(Beginning of EXERCISE DATA)

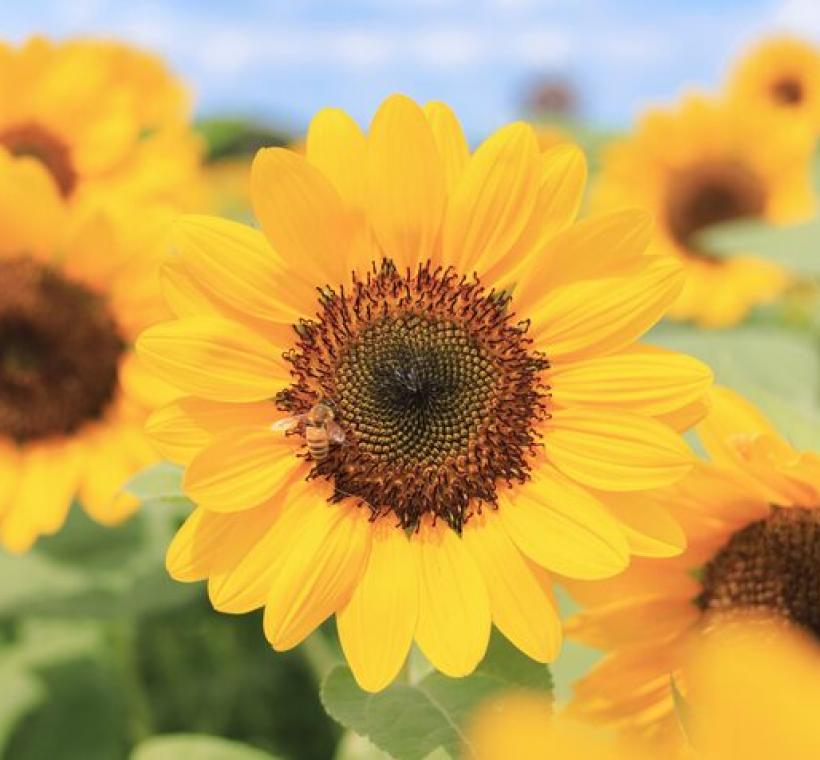 大佳河濱花海 向日葵花海盛開 現在正是賞花期 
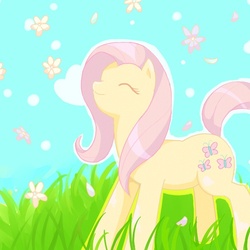 Size: 600x600 | Tagged: safe, artist:nyankamedon, fluttershy, pony, g4, female, pixiv, solo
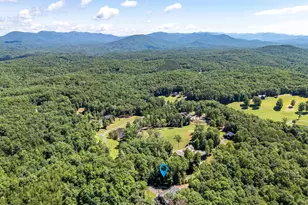 1198 Nature Vly Trl, Murphy, NC 28906 - Photo 56
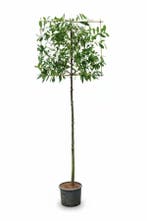 Prunus laurocerasus Novita leiboom 10/12 180cm stam 120b x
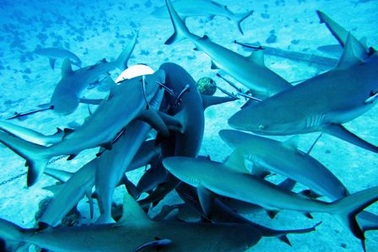 Bố mẹ để con gái 5 tuổi chơi chung với đàn cá mập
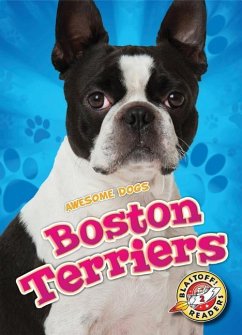 Boston Terriers - Leaf, Christina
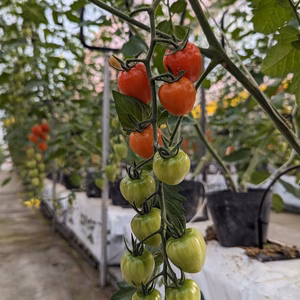 ベリーとアイコ　ミニトマト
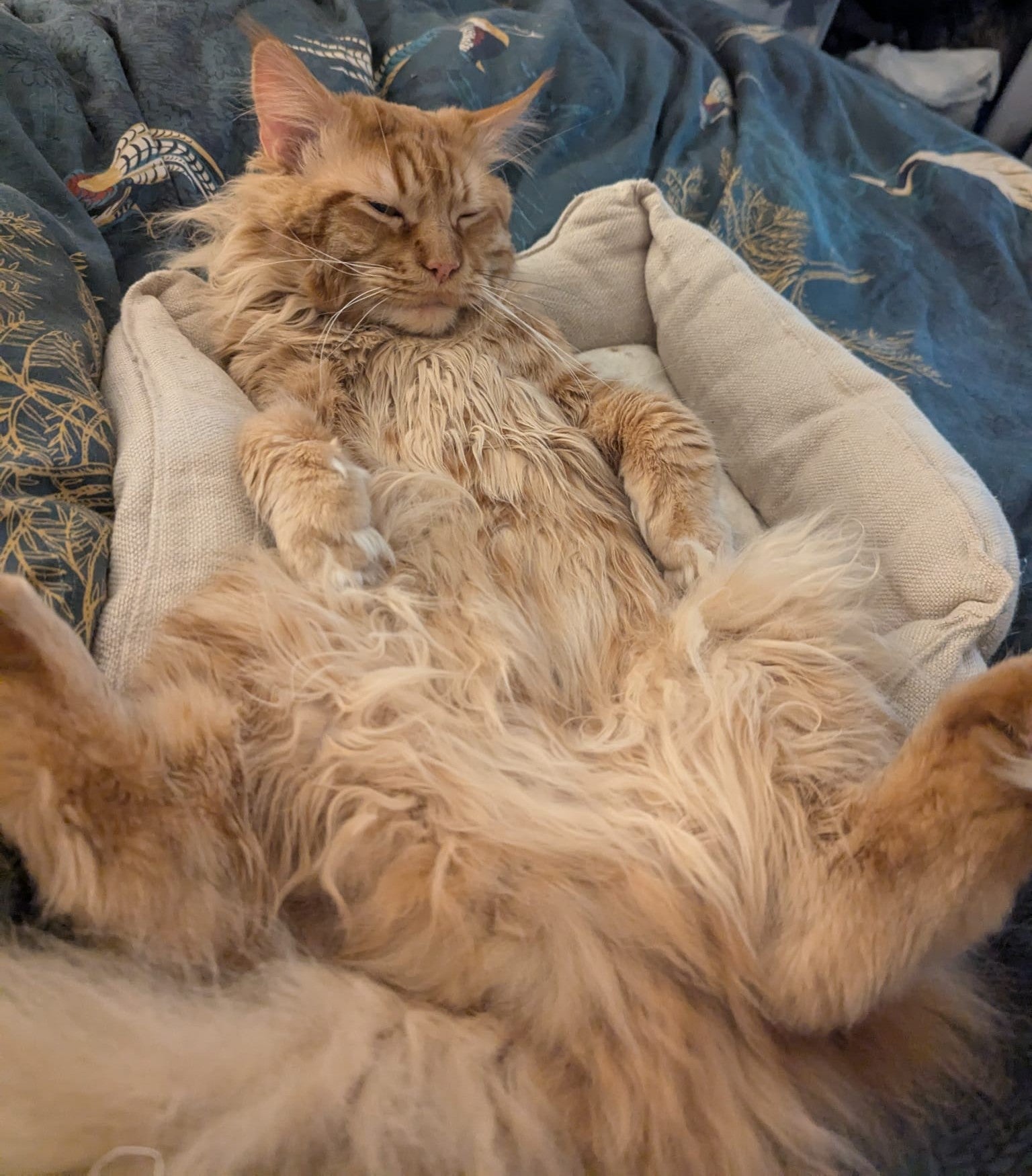 Natural Hemp & Wool Hypoallergenic Cat Bed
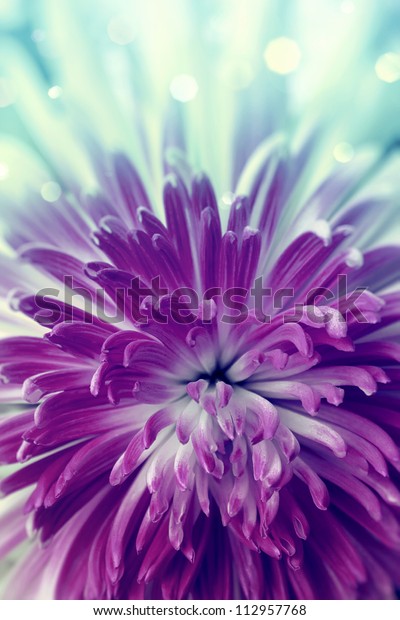 Bright Violet Flower Close Stock Photo (Edit Now) 112957768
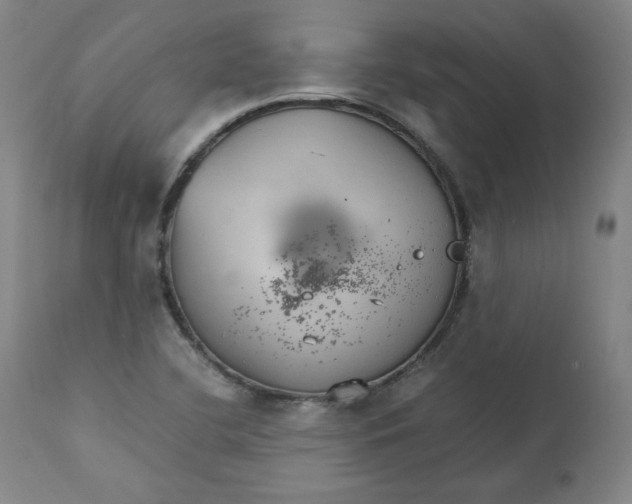 X0000111231412200907231453
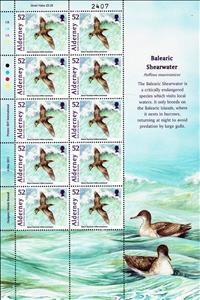 Mini Sheet, Balearic Shearwater (Puffinus mauretanicus), Alderney,  , Animals (Fauna), Birds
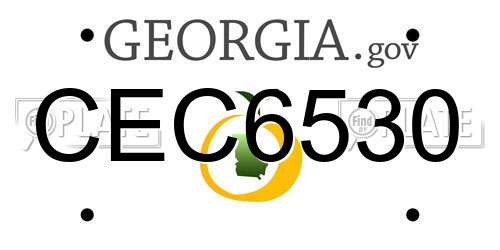 CEC6530 Georgia License Plate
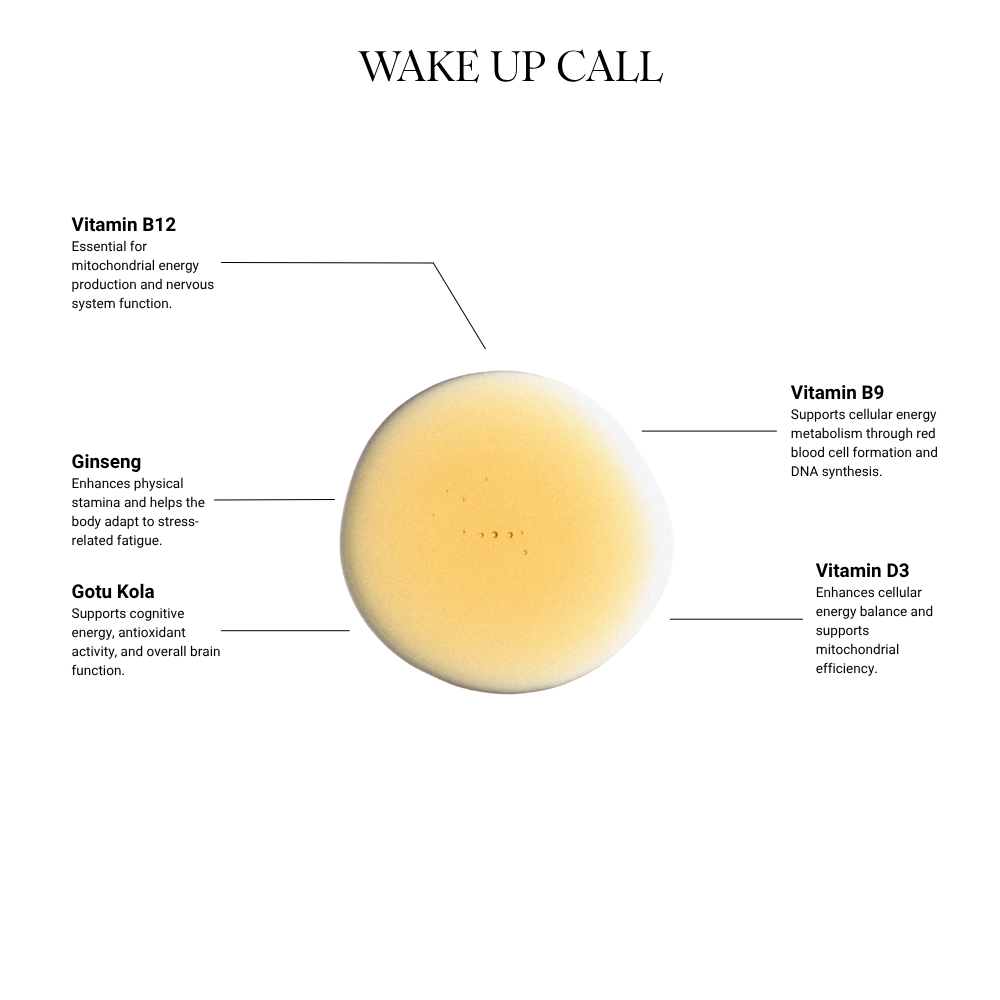 THE RITUAL COLLECTION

(End of EXERCISE DATA)

**YOUR OBJECTIVE**
Each record above has to be written out again in full, but its pictures must not be.

**SOLUTION TO THE PROBLEM**
 大佳河濱花海 向日葵花海盛開 現在正是賞花期 
 Size: 600x600 | Tagged: safe, artist:nyankamedon, fluttershy, pony, g4, female, pixiv, solo
 1198 Nature Vly Trl, Murphy, NC 28906 - Photo 56
 Prunus laurocerasus Novita leiboom 10/12 180cm stam 120b x
 Bố mẹ để con gái 5 tuổi chơi chung với đàn cá mập
 Boston Terriers - Leaf, Christina
 ベリーとアイコ　ミニトマト
 Natural Hemp & Wool Hypoallergenic Cat Bed
 Bright Violet Flower Close Stock Photo (Edit Now) 112957768
 X0000111231412200907231453
 Mini Sheet, Balearic Shearwater (Puffinus mauretanicus), Alderney,  , Animals (Fauna), Birds
 CEC6530 Georgia License Plate
 THE RITUAL COLLECTION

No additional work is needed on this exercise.